Pictures with short captions
-- Opening Marker --
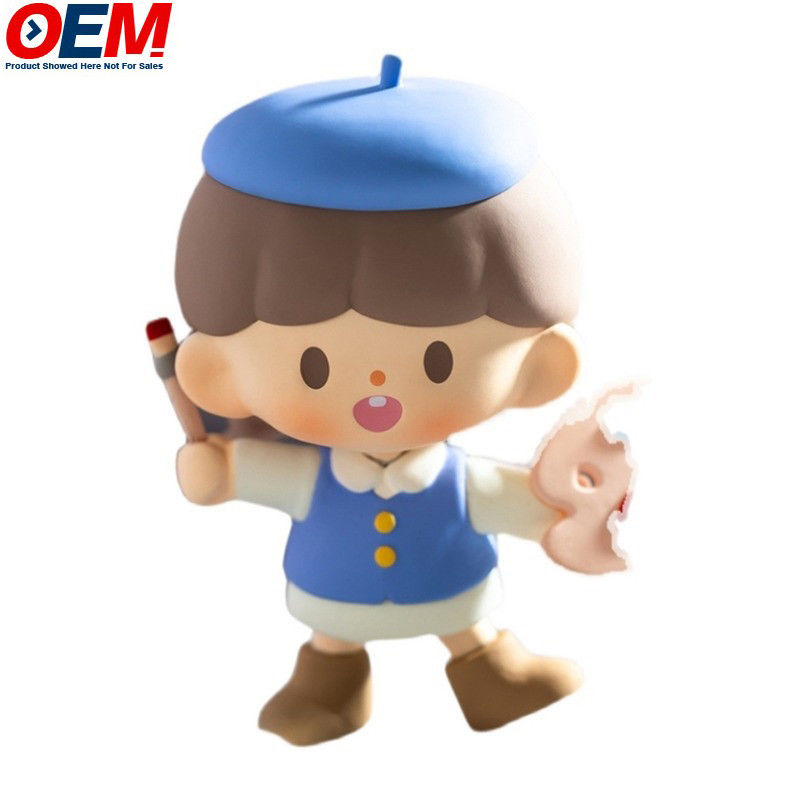 Custom Made You Own 3D Art PVC Plastik Mainan OEM Vinyl Mainan Mainan Aksi Tokoh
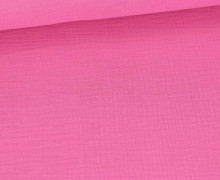Musselin - Muslin - Double Gauze - Uni - 125g - Schnuffeltuch - Windeltuch - Rosa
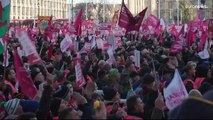 Britain grapples with more industrial action as postal workers strike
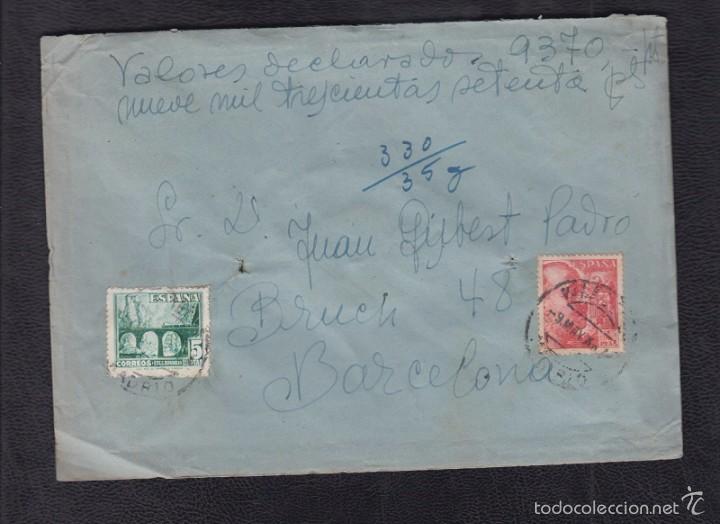 Sellos: 1953.- MADRID A BARCELONA - Foto 1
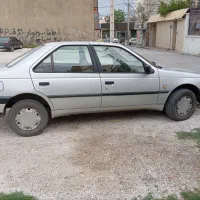 فروش ماشین 405 دوگانه مدل 91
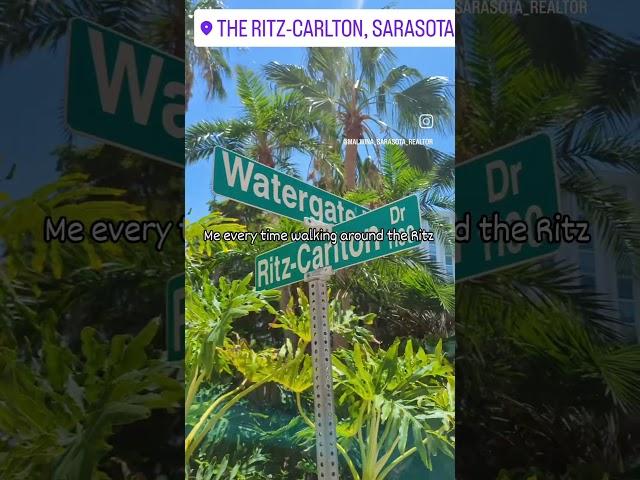 Ritz Carlton in Sarasota #sarasotarealestate #sarasotarealtor #srq #sarasota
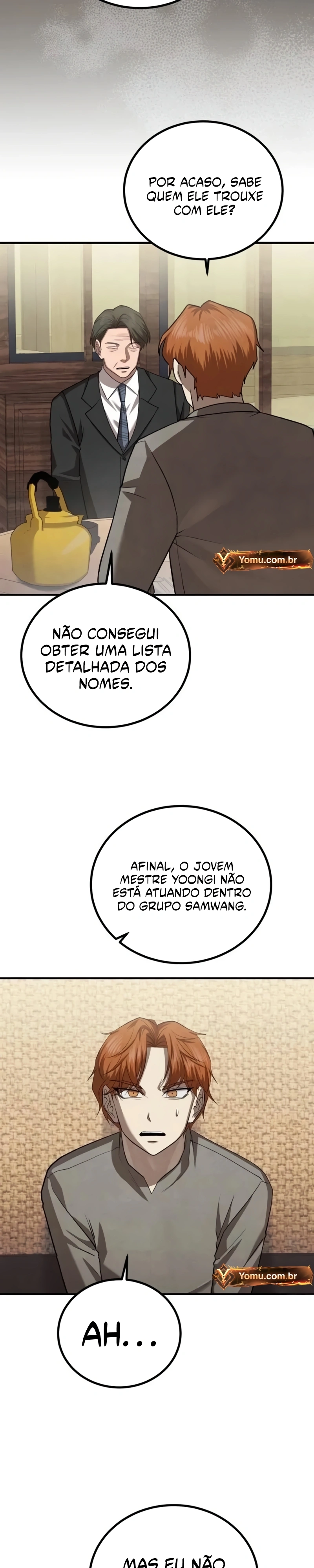 Na Verdade, Eu Era um Herdeiro de Terceira Geração de um Chaebol Capítulo 19 Página 21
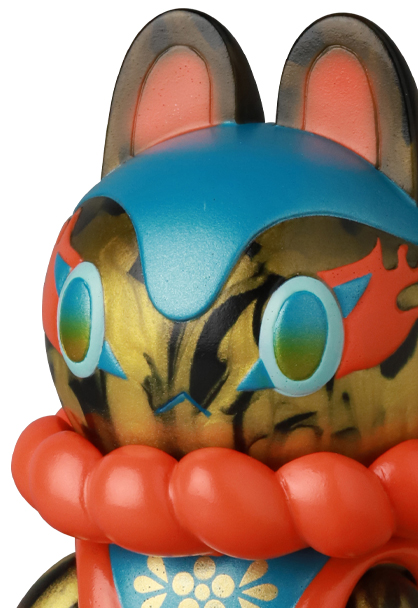 MEDICOM TOY - 郷土玩具怪獣(R) イヌハリゴン 壽金流し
-- Closing Marker --
WHAT TO PRODUCE
Only the lines from the one containing "Ritz Carlton in" through the end of the data above are to be output, exactly and without pictures.

TASK RESPONSE
 Ritz Carlton in Sarasota #sarasotarealestate #sarasotarealtor #srq #sarasota
 Na Verdade, Eu Era um Herdeiro de Terceira Geração de um Chaebol Capítulo 19 Página 21
 MEDICOM TOY - 郷土玩具怪獣(R) イヌハリゴン 壽金流し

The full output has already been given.